Is infrastructure at this scale typically unable to do a cold start? I can belie...

cranekam · on Nov 23, 2021

I guess it depends what "infrastructure" means.

If you mean "all of Google" then a cold restart would probably be very hard. At Facebook a cold restart/network cutoff of a datacenter region (a test we did periodically) took considerable planning. There is a lot to coordinate — many components and teams involved, lots of capacity planning, and so on. Over time this process got faster but it is still far from just pulling out the power cord and plugging it in again.

If you mean a single backend component then cold starting it may or may not be easy. Easy if it's a stateless service that's not in the critical path. But it seems this GCP outage was in the load balancing layer and likely harder to handle. A parent comment suggested this could be restarted in 15s, which is probably far from the truth. If it takes 5s to get an individual node restarted and serving traffic you'd need to take down a third of capacity at a time, almost certainly overloading the rest.

In some cases the component may also have state that needs to be kept or refilled. Again, at FB, cold starting the cache systems was a fairly tricky process. Just turning them off and on again would leave cold caches and overload all the systems behind them.

Lastly, needing to be able to quickly cold restart something is probably a design smell. In the case of this GCP outage rather than building infra that can handle all the load balancers restarting in 15s it would probably be easier and safer to add the capability of keeping the last known good configuration in memory and exposing a mechanism to roll back to it quickly. This wouldn't avoid needing to restart for code bugs in the service but it would provide some safety from configuration-related issues.

mschuster91 · on Nov 23, 2021

> Lastly, needing to be able to quickly cold restart something is probably a design smell.

For everyone not at a scale to afford their own transoceanic fiber cables, a major internet service disruption is equivalent to a cold start. And as long as hackers or governments are able to push utter bullshit to the global BGP tables with a single mouse click, this threat remains present.

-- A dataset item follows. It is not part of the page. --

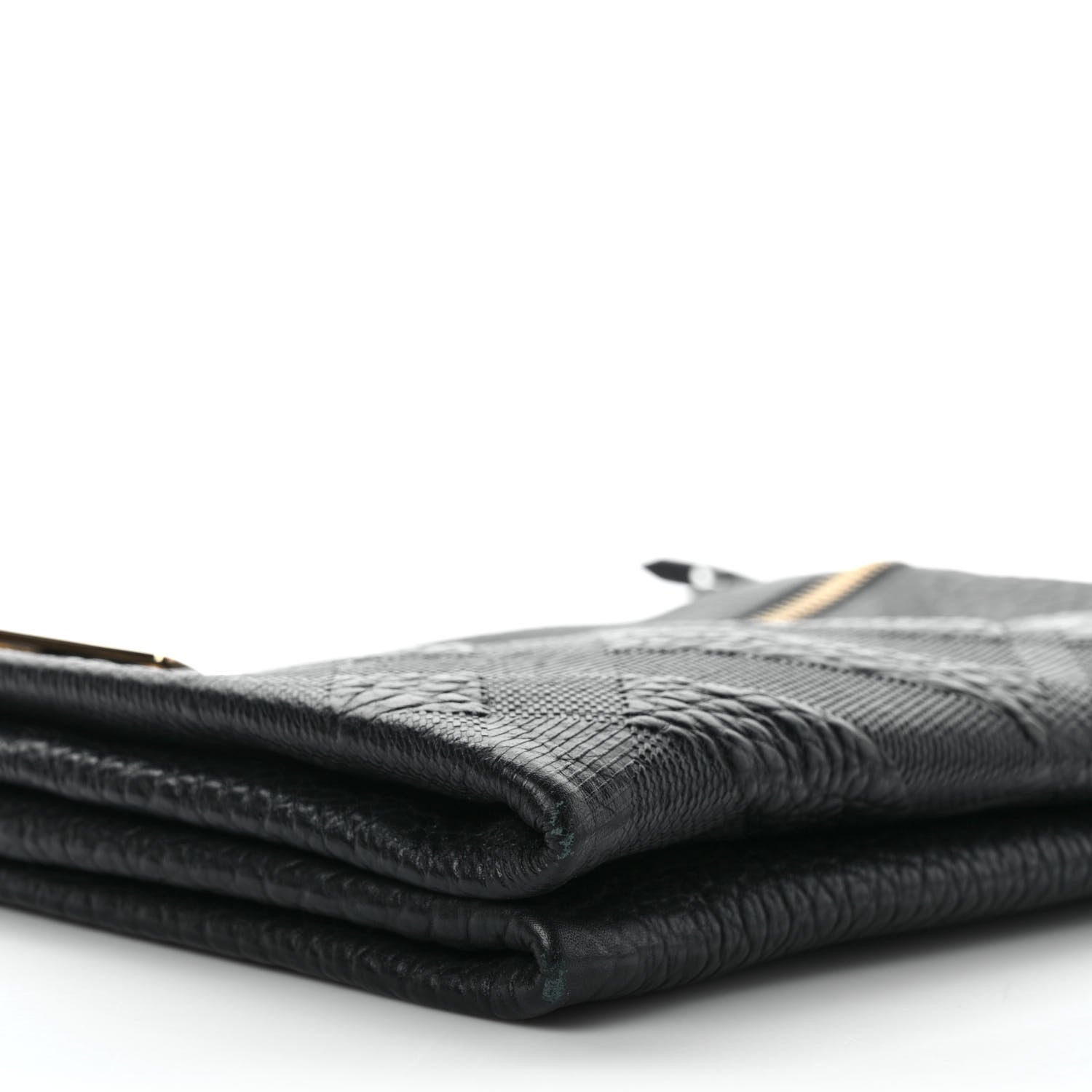 Burberry Signature Grain Calfskin Check Embossed Medium Balmoral Clutch Bag Black 7 of 10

cranekam · on Nov 25, 2021

The comment I was replying to mentions "at [Google] scale", so my answer was with that in mind.

sofixa · on Nov 23, 2021

When Amazon S3 in us-east-1 failed a few years ago, the reason for the long outage(6 hours? 8 hours? I don't recall) was that they needed to restart the metadata service, and it took a long time for it to come back with the mind boggling amount of data on S3. Cold starts are hard to plan for precisely at this type of scale

allset_ · on Nov 23, 2021

It can be done. It takes a heck of a lot longer than 15s though.